For two instruments that have little in common historically, the cello and pipa make a harmonius pair. Mr. Ma's bow carved out lyric themes that were given a hard edge by Ms. Wu's strumming and plucking. Often, Mr. Zhao wrote for the two instruments in unison, adding percussive weight to the dark tone of the cello and creating a new, hybrid sound of West meeting East. Each movement also gave the orchestra plenty to do, and under Mr. Yu's detailed leadership the sound swelled and soared through each historical age.
It is almost impossible for the experienced listener to separate Tchaikovsky's Sixth Symphony, the Pathetique from the sad fact that its creator died nine days after its premiere. It is most unconventional in form: three bold, vaguely determined minor-key movements (the last a blazing march for brass and percussion) followed by a crie de couer finish. This agonizing slow movement has been referred to as the composer's "suicide note", and debate still rages among musicologists whether Tchaikovsky's death, from cholera contracted from drinking a glass of unboiled water, was an act of choice, coercion or unfortunate accident.
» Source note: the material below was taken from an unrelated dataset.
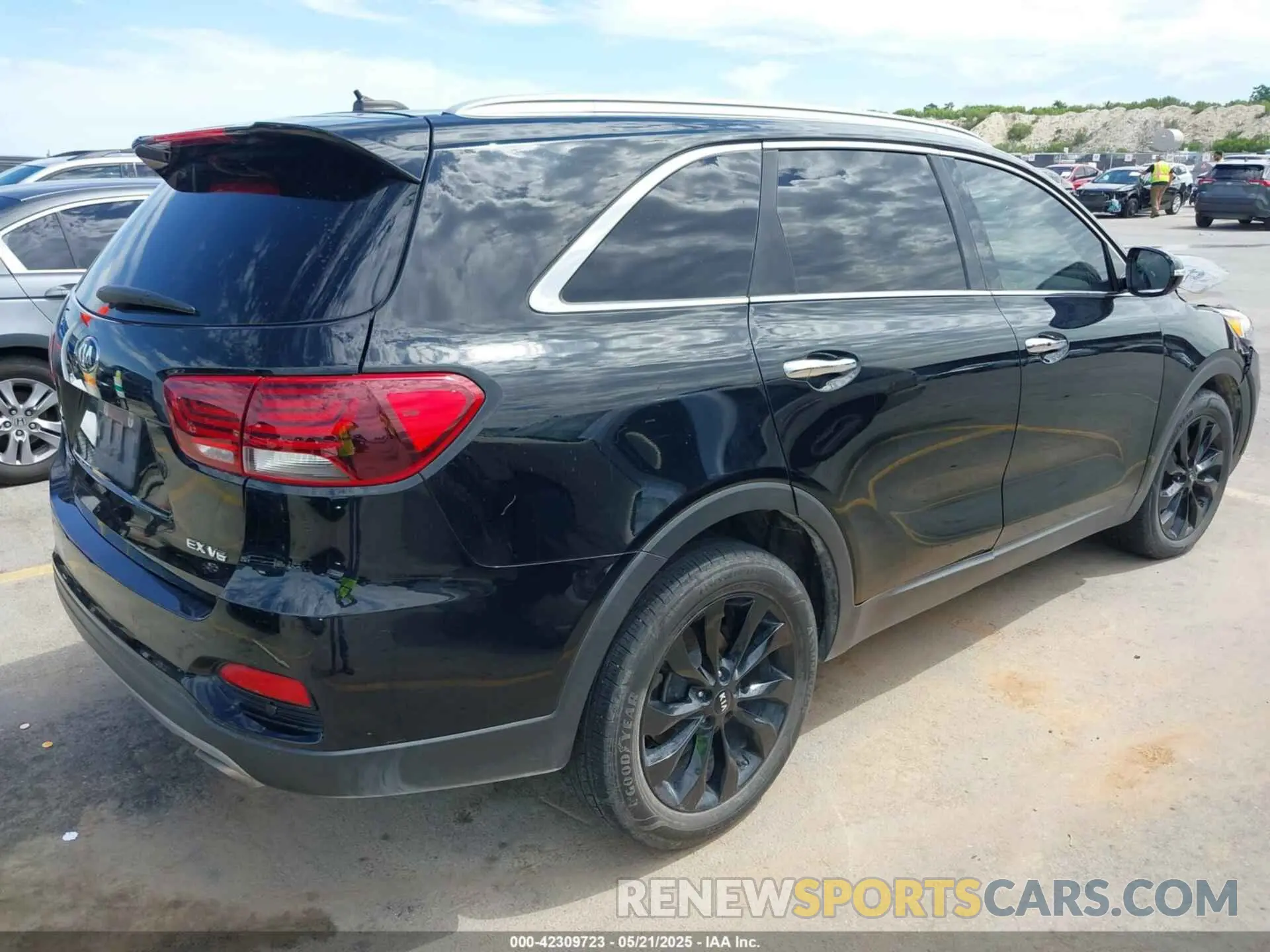4 Photograph of a damaged car 5XYPH4A57LG706518 KIA SORENTO 2020
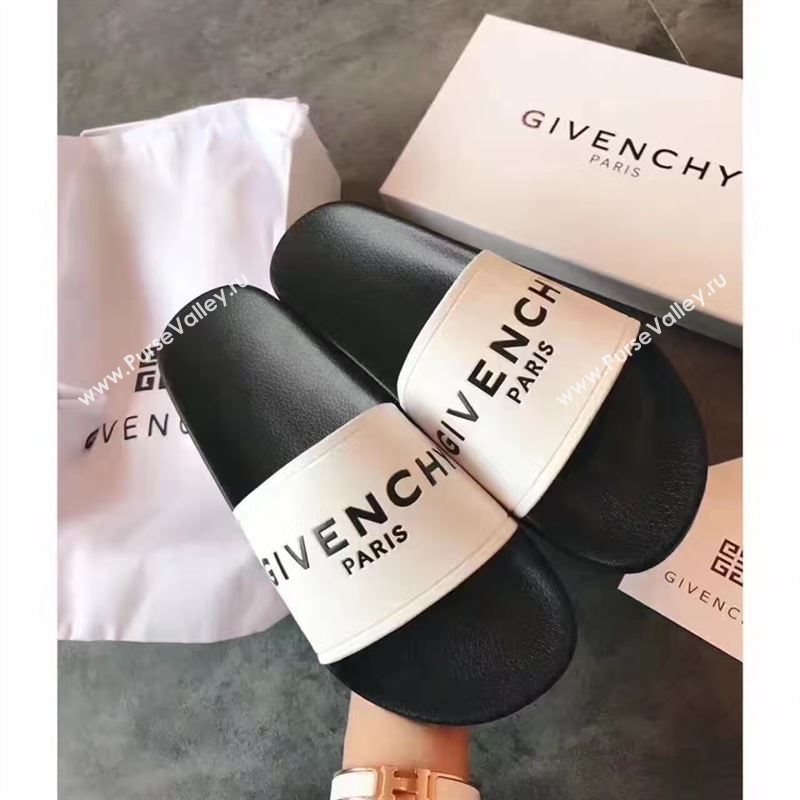 Givenchy Slippers 133497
The Philharmonic continues to play Tchaikovsky like a boss, and it is debatable whether Mr. Yu's leadership had much to do with the efficacy of this performance. The first movement, with its upward-surging main subject was thrilling in itself, music of dignity lent weight by strong orchestral execution. The slow, agonized dance movement seemed to hang frozen in the air, with double reeds plaintively sobbing. The brassy third movement impressed some audience members so much that they automatically applauded and some reached for their coats. These early departures missed a sensitive performance of the slow, fade-out finale, a grim close to this saddest of symphonies.